All U.S. Cell providers suck.

I've been most derisive of AT&T in my previous iPhone posts. I suppose I should be specific about why I'm so down on them. I must preface this by noting that this in no way reflects a scientific study; I own stock in neither AT&T nor Verizon (although I do own some in Apple), and I was a Verizon Wireless customer for 12 years prior to leaving them last week in order to activate my iPhone. I have been a T-Mobile customer via my work Blackberry 8700 for some 4 months now in the New York metro area (Philly through NYC), in Washington DC, and in the Boston Metro area and in Houston, TX. I've used my Verizon phone all over the U.S. (Motorola flips, then Qualcomm candybars, then the Kyocera 7135 Palm, finally a Treo 650).

AT&T/Cingular's wireless service, subjectively, sucks.

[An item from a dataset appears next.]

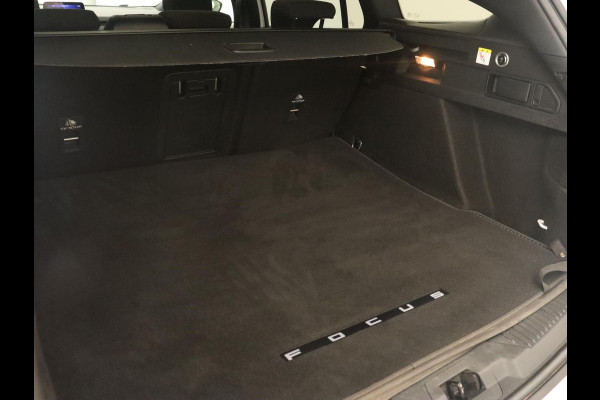 Ford Focus 1.0 EcoBoost Hybrid ST Line X Business | Panoramadak | Trekhaak | Head-up | Carplay | Camera | Stuurverwarming | Stoelverwarming | Adaptive cruise | LMV 17 inch | Sportstoelen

Some completely random anecdotal reasons they annoy me follow.

  • I can't get reliable phone service in my house. I live in Cambridge, MA, near the BU Bridge. Verizon was 5-bar service even on the Treo (which had lousy reception) for blocks in any direction, even in my basement. The iPhone and a friend's Treo on AT&T both vacillate between zero and one bar in use sitting at my desk on the first floor.
  • When I do get phone service, it's flaky. The iPhone, sitting in its dock at a particular angle, will in fact get two bars of service. If I reach out and turn the phone ninety degrees, I get 'NO SERVICE.' This is true of another, non-iPhone AT&T handset on my desk that I tested. WTF?
  • For a company whose billboards read 'FEWEST DROPPED CALLS' this is laughable. I never worried about dropped calls before. In the first week, so far, I lost count around twenty calls interrupted due to failure midstream - not all of which even had the decency to bleep and say 'CALL FAILED', some of which just went silent with my handset ticking away for 15-20 seconds before doing so. On testing, I found many of these to correspond to areas where a five-bar signal would drop to NO SERVICE if the phone was rotated between forty-five and ninety degrees. Again, WTF? In only five of these cases was I walking or driving.
  • Outside the Boston Metro Area, heading North, as soon as I got into New Hampshire and onto I-89 service became...spotty. Whole swathes of that highway refuse to offer any service at all. Service is notable around larger towns, which remains true up into Vermont. Um...useless.

Now, I will offer the following. AT&T, so far, has been much more pleasant to deal with on the phone than Verizon. The latter autoblocked my number transfer for 24 hours so that they could have Retentions call me 20 hours later and harangue me about leaving them; then, when they couldn't keep me, found a way that my executing a 'new every two' credit I'd waited two years to use, cashing in two years prior to buy my Treo, meant that I was in fact still under a contract despite my 12 years of time on their network. Also despite the fact that I'd had to wait two years to get it after signing up. Whatever. As delicious irony, those two years were up July 13th; I deactivated June 29th. Rather than billing me a final month of july, that's right; $175 cancellation fee.

Whatever, it's not worth my time to argue with them at this point. I had assured the Retentions lady that I was enamored of the iPhone and would certainly return to Verizon if AT&T's phone service, which I was experimenting with, was bad enough to cause me difficulties.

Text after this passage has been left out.